Apaixonei-me pela rádio, aprendi muito e por isso quis ficar. Candidatei-me para tudo o que era sítio com a minha nova amiga Bettina, desde rádios comerciais em Berlim a apoio em serviços de catering ali na Renânia do Norte. Até que consegui a opotunidade de traduzir o website de uma agência de viagens “à nêv” de alemão para português. Aprendi umas coisas de marketing, conheci o verdadeiro ambiente de trabalho alemão, rígido – para não esquecer o “a Débora não vem hoje?” por ver o meu lugar vazio às 09:03. Foram seis meses difíceis, a Primavera e o Verão inteirinhos numa rotina desgastante e triste, a bicicleta para a estação, o comboio para Colónia, o eléctrico até essa grande empresa em expansão que em nada me preenchia. Mas tinha colegas de várias nacionalidades, muito queridos, também eles ficaram amigos. Muitas vezes saía à sexta-feira e corria para a rádio, onde trabalhava com gosto, madrugadas muitas, quem corre por gosto não cansa.

Mas eu cansei-me. Desisti – e fiz bem. Dediquei-me à rádio por mais uns meses, e estava feliz com isso. Decidi ficar… até que um e-mail me dá conta de uma vaga em Bruxelas, na máquina da Europa, por cinco meses. A candidatura também tinha sido enviada meio por acaso, nas curtíssimas férias de Verão em casa. Partiria dali a 2 meses. Recomeçou a correria. Cancelei tudo, despedi-me da Alemanha, deixei a custo a quarta casa que tive em Bonn num único ano.

Apanhei o TGV apertado para uma nova cidade, um novo país, duas novas línguas e aquilo a que acabei por chamar um segundo Erasmus. Se no primeiro dia não conhecia ninguém, ao fim de uma semana já tinha a memória do telemóvel cheia de novos contactos, nomes estranhos vindos da Croácia, da Dinamarca, da própria Bélgica. Novos amigos, duas casas, novas vivências, lista infindável de aprendizagens, muitos sorrisos e fotografias que os recordam. Tenho tantas saudades como as que tenho de Leipzig.

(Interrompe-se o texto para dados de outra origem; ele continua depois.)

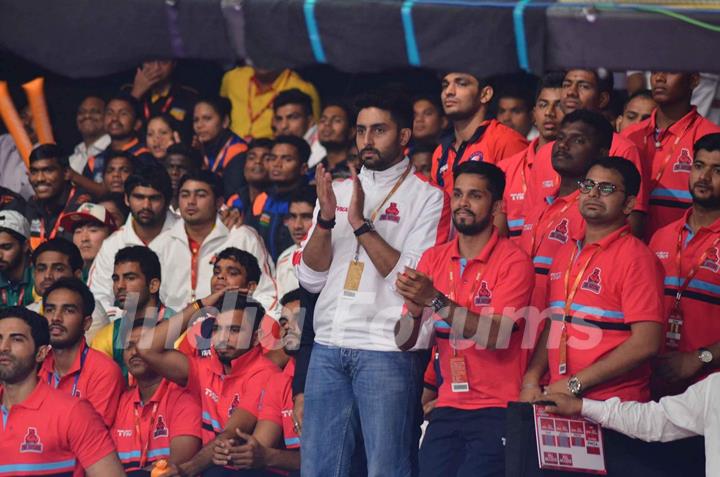 Abhishek Bachchan at Pro Kabaddi - First Match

Mas tal como Leipzig, também Bruxelas terminou. No dia em que fiz 24 anos regressei a Casa, onde fiquei merecidamente dois meses. Decidi regressar a Bonn. A mesma cidade, nova casa. A mesma língua, novo ambiente. Deixou de haver novidade. Mas ficou a calma maturidade conquistada, sem querer, nas onze casas onde vivi nestes últimos três anos que tanto trouxeram à minha vida.

Para 2010? Só agradeço. E que todos tivessem as alegrias que, entre momentos de angústia, solidão e muito medo, aquele Norte me tem dado. Resta saber por quanto tempo.